New Models Added to OpenRouter: cumulative new models Jan–May 2026, climbing from 17 to 233

This is a cumulative chart since release schedules aren’t always consistent. But we can see one big outlier from March to April where we had 90 new model releases. That’s huge! So many more options to pick from at an increasing velocity.

That can also be a little stressful. It’s like going to a restaurant and the menu has 225 items (one of my favorite restaurants). Even with family style you can’t try them all. We obviously thought about this and don’t want our users to have to know the difference between every single model. So we built out things like auto-router and pareto-router to make it easier to pick which model to use.

All this ties back to the cost pressure I mentioned earlier. Companies are actually utilizing OpenRouter in an interesting way.
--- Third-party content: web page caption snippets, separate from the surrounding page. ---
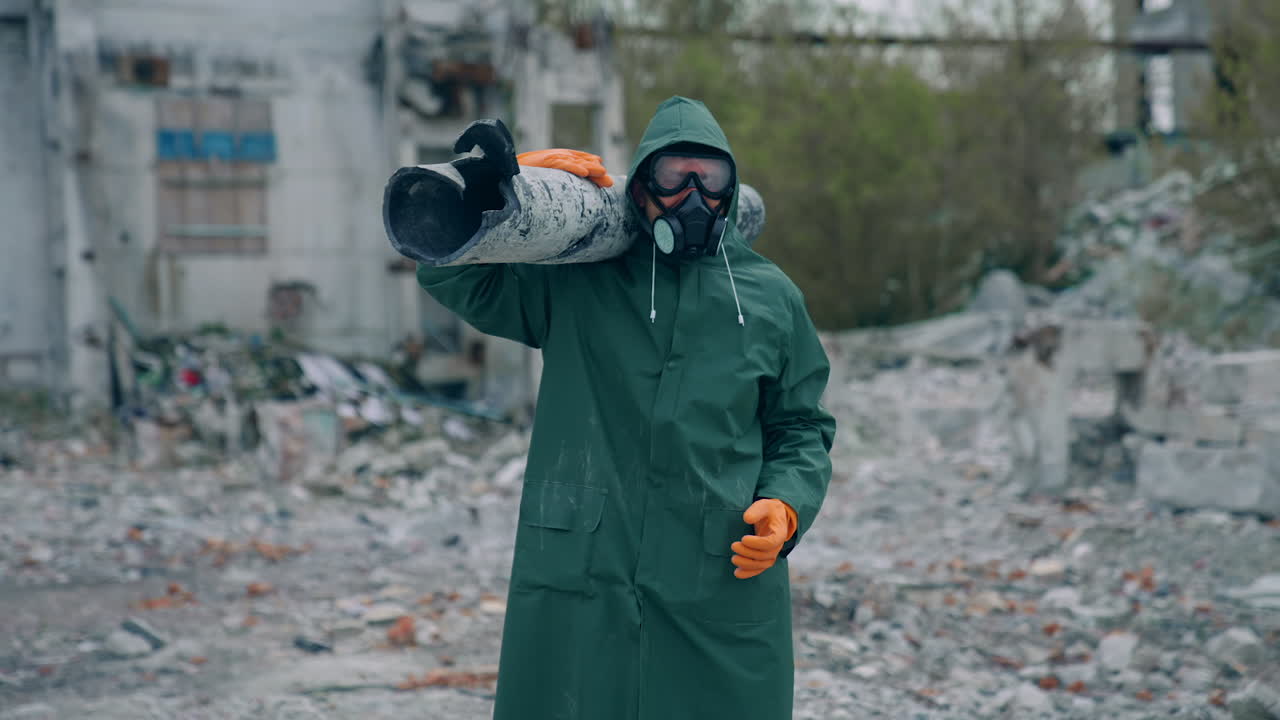 Worker in protective suit in radiation zone. Builder in safety uniform and gas mask is carrying pipe in destroyed place. Chemical attack.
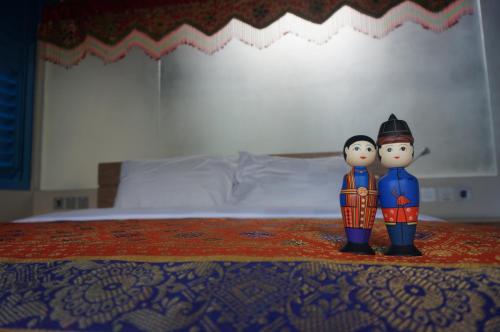 two figurines standing on top of a bed at Manggis Garden Dive Resort in Candidasa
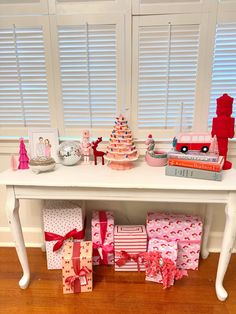 a white table topped with lots of presents under a window next to a christmas tree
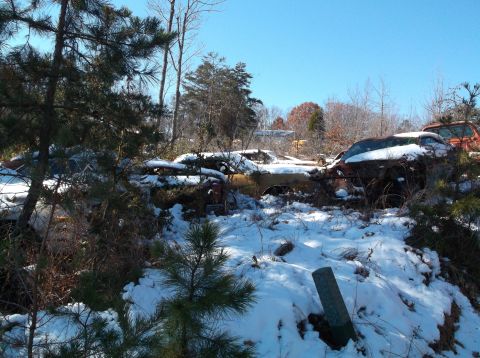 1974 Dodge Challenger - Multiple abandoned vehicles are covered in snow under a clear blue sky.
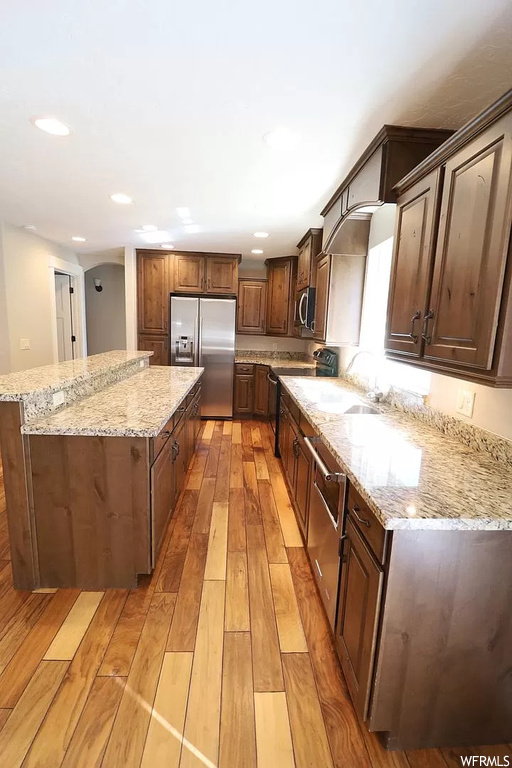 Kitchen with sink, light stone countertops, light hardwood / wood-style floors, stainless steel appliances, and a kitchen island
They are able to bring their average weighted cost per token down over time. How is this possible? Well if you route specific workloads to specific model providers and models based on your required outcomes then you can take advantage of say Deepseek v4 flash which only costs around $0.10/M tokens on input and $0.20/M tokens on output.

Take this one step further by utilizing a model provider like Cerebras which has some of the best throughput and now you’re the maestro like Bradley Cooper except we’re doing the heavy lifting for you.

OpenRouter model page for gpt-oss-120b showing the Cerebras provider with 0.23s latency and 362 tps throughput

Or you route some of your traffic to flex priority tier on Gemini models to take advantage of 50% off. Again the choice is yours.

OpenRouter model page for Google Gemini 3.5 Flash highlighting the flex tier pricing at 50% off

We have some exciting stuff around model intelligence that we will be sharing soon. Overall, the theme is still the same: we make inference just work.

Semper ad meliora

It feels like the tailwinds that were driving AI adoption are moving towards AI optimization. We understand that the amount of money we are spending on AI inference isn’t going to decrease by any meaningful magnitude, so what’s the next best alternative? It’s bringing the average weighted cost per token down. Organizations are becoming more intentional with democratizing usage across teams while reducing risk when it comes to governance. This really only happens if you’re not vendor locked into a single provider. When you choose to use different models for different use cases you gain leverage at each turn. You finally get to sit at the dinner table and eat as you please, family style.